WORK INSTRUCTIONS |
Transcribe the listing that follows in full, omitting pictures.

INPUT DATA |
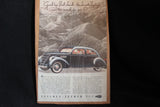 1937 Lincoln-Zephyr Color Print Ad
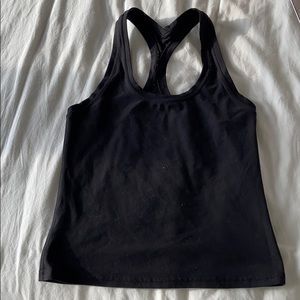 Black lululemon workout tank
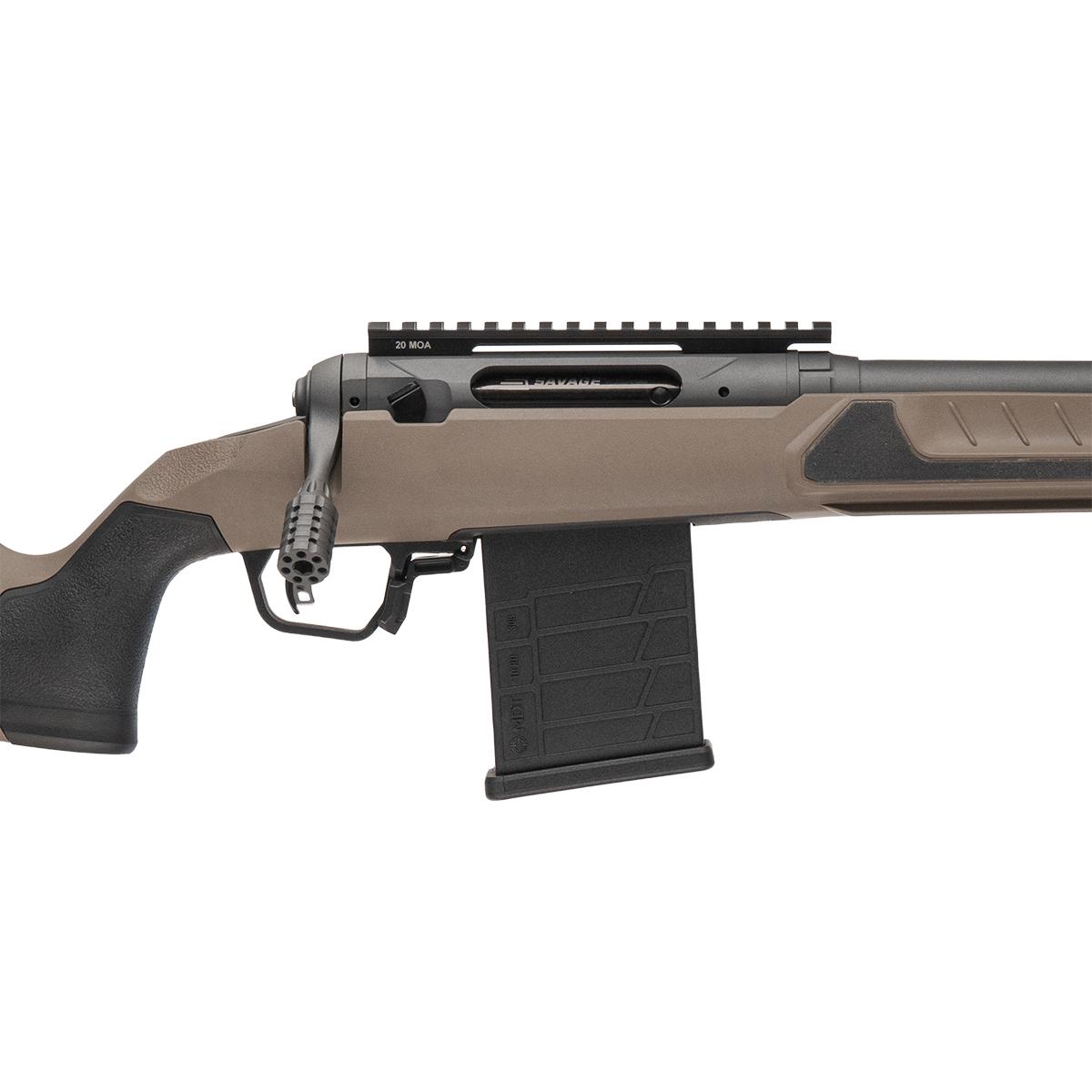 Savage 110 Core Tactical Rifle 6.5 Creedmoor 10rd Magazine 24" Threaded Fluted Barrels Coyote Tan Synthetic Savage 110 Core Tactical Rifle 6.5 Creedmoor 10rd Magazine 24" Threaded Fluted Barrels Coyote Tan Synthetic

RESULT BELOW |
 1937 Lincoln-Zephyr Color Print Ad
 Black lululemon workout tank
 Savage 110 Core Tactical Rifle 6.5 Creedmoor 10rd Magazine 24" Threaded Fluted Barrels Coyote Tan Synthetic Savage 110 Core Tactical Rifle 6.5 Creedmoor 10rd Magazine 24" Threaded Fluted Barrels Coyote Tan Synthetic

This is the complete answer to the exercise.